Speaking before the National Farmers Union annual convention this week, EPA Administrator Gina McCarthy attempted to assure the group about the joint EPA and Army Corps of Engineers proposed rule defining what waters are covered under the Clean Water Act. “Let me be clear,” she said, “because that’s what the final rule will be.”
If the proposed rule is any indication, the only thing that will be clear is almost any water in the country will be covered under the Clean Water Act.
“Remember, being jurisdictional doesn’t mean a thing unless you want to pollute or destroy a jurisdictional water,” she added.
Actually, being jurisdictional means a lot and is the very foundation of the statute. Jurisdictional means those waters would be regulated under the Clean Water Act. There’s a reason why everyone from farmers to local governments are concerned about what waters are covered, and it isn’t because they want to pollute or destroy waters. They want to engage in critical activities which, if the proposed rule is finalized, could require them to get costly permits.
Under the proposed rule, the EPA and Corps would deem nearly any type of water to be jurisdictional. For example, the new proposed rule would regulate all ditches, except in narrow circumstances. The rule would apply to tributaries that have ephemeral flow and depressions in land that contain water only when it rains. Further, the rule is so vague that property owners probably should assume a water body is covered under the law, unless it falls under one of the limited exceptions in the rule.
This overreach means that property owners will be required to secure far more permits than ever before. McCarthy makes it sound as if this isn’t a big deal because, after all, according to her, these individuals and businesses just want to pollute. Even the connotation of pollute is misleading because it suggests, for example, some business dumping toxic waste in a pristine water. Her statement is both misleading and insulting.
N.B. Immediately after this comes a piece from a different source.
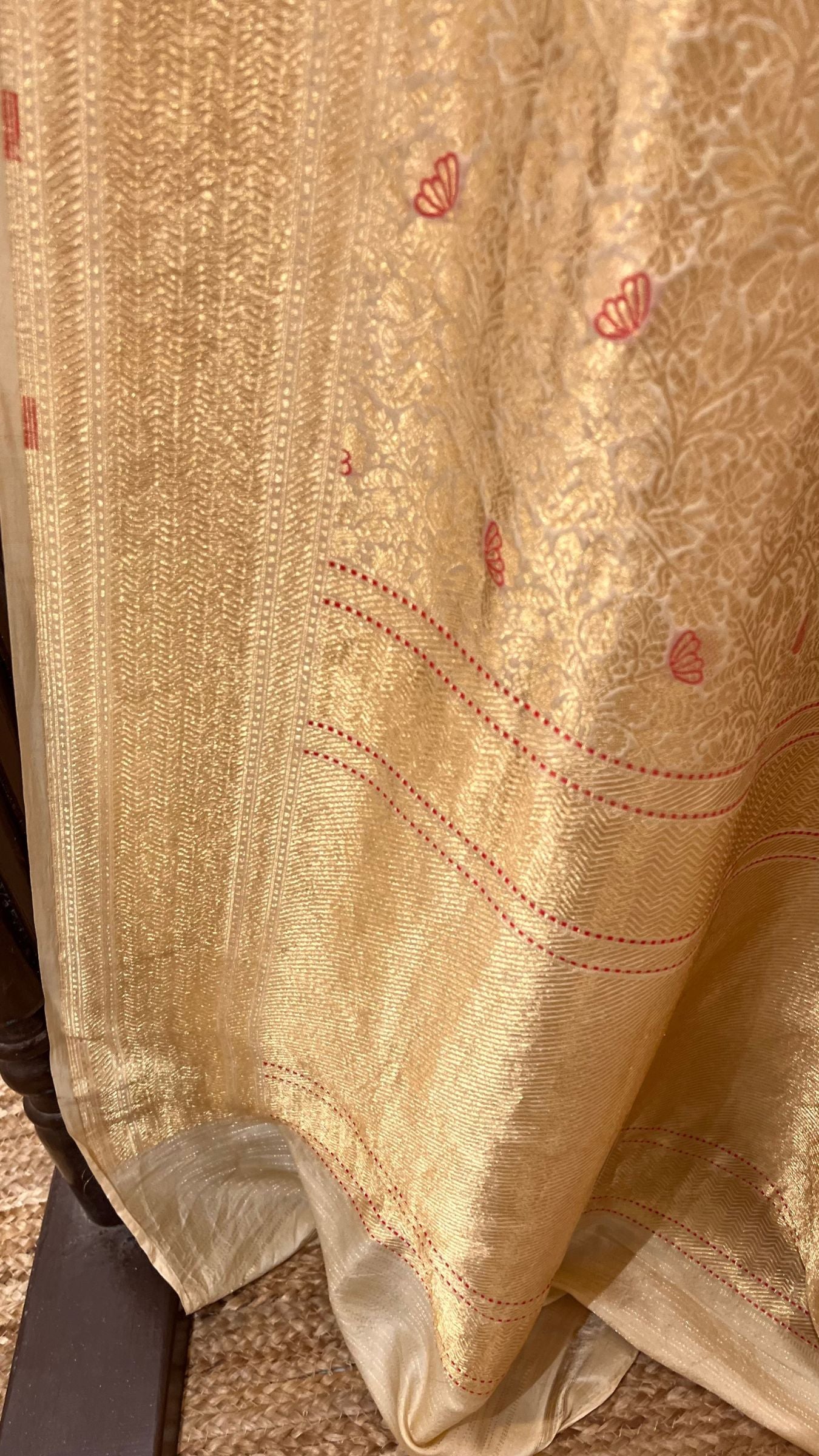 Pure Katan Silk Handloom Banarasi Saree - Tanchui Brocade Meena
The definition of “pollutant” in the Clean Water Act is extremely broad and doesn’t just cover what one might assume to be a pollutant. For example, under the law, the EPA can levy penalties and criminal charges for discharging a “pollutant” such as sand into covered waters. If there is a discharge of dredged material (material excavated or dredged from waters of the U.S.) or fill material (“material placed in waters such that dry land replaces water—or a portion thereof—or the water’s bottom elevation changes”) in a covered water, this could require a permit.
Americans from across the country and in various capacities will be required to secure permits. If you build it, the EPA will come. In fact, the EPA itself states that if you plan to perform construction work in a covered water, you likely will need a permit. Farmers and ranchers often will need permits.
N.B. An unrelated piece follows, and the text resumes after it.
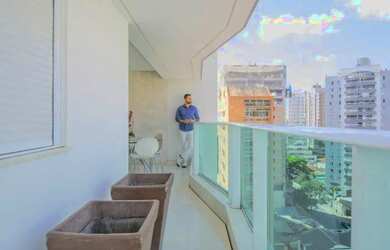 Imagem: O apartamento possui 3 Dormitórios, 3 Banheiros, 3 Vagas na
Building a home could require a permit. A 2012 Supreme Court case, Sackett v. EPA, highlights an egregious instance of regulatory enforcement whereby the EPA sought to impose fines of $7,500 a day on a couple for placing gravel on virtually dry land to build a home in a built-out subdivision. Even critical infrastructure projects such as building a dam or highways could require additional permits.
Farmers and ranchers, manufacturers, home builders, local governments (the list is virtually endless) don’t “want to pollute or destroy a jurisdictional water.” They just want to engage in the activities they always have without this excessive federal overreach. It may be understandable that the EPA has to resort to verbal attacks against the public, including private property owners, since there’s no defense for its proposed rule. It doesn’t justify it though.